To make a long story short: I have a surface $X: I \to \mathbb{R}^3$ that sends $(u ,v) \in I \subset \mathbb{R}^2$ to $X(u,v) \in \mathbb{R}^3$. Consider these two family of surfaces:
$\hat{X}(u,v,t) = \sqrt{2bt + 1}\exp\left( \frac{\log(2bt + 1)}{2b} A\right) X(u,v)$
$F(u,v,t) = \sqrt{2bt + 1}\exp\left( t A\right) X(u,v)$
where $b \in \mathbb{R}$ is a constant and $A$ is an orthogonal matrix with determinant $1$. In the thesis I'm reading (page 45, the dilation and rotation section) the author writes (not exactly as I put it here, but I just made things simpler so I could understand, there's no loss of generality) that, under $\hat{X}$, $X$ rotates with decreasing speed if $b > 0$ and with increasing speed if $b < 0$, and that under $F$, $X$ rotates with constant speed. This is supposed to be obvious but I'm not quite seeing it and I'd appreciate some help.

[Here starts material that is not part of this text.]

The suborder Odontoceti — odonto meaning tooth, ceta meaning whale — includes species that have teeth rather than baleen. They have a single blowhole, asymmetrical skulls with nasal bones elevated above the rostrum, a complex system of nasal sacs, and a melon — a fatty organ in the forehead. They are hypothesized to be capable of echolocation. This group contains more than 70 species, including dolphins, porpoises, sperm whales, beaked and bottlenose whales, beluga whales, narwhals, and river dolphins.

EDIT: Turns out it was just a matter of analysing the signs of $\dfrac{\partial \hat{X}}{\partial t}$
I couldn't find where it says that $A$ orthogonal matrix with determinant 1 is a rotation.
As food for thought, if $Q(t)$ are rotations, which are of the form
$$Q(t)=\exp(t\cdot S)$$
for skew symmetric matrices (see Wikipedia and the links there) then $Q'(t)=Q(t)\,S$ and so
$$Q^T(t)\,Q'(t)=Q^{-1}(t)\,Q(t)\,S=S.$$
So
$$\exp(h(t)\cdot Q^T(t)\,Q'(t))$$
is really again just a rotation and $\phi=h(t)$ is a parametrization of angles. Not sure if those bullet points all apply here, but if they do, then you got your explanation.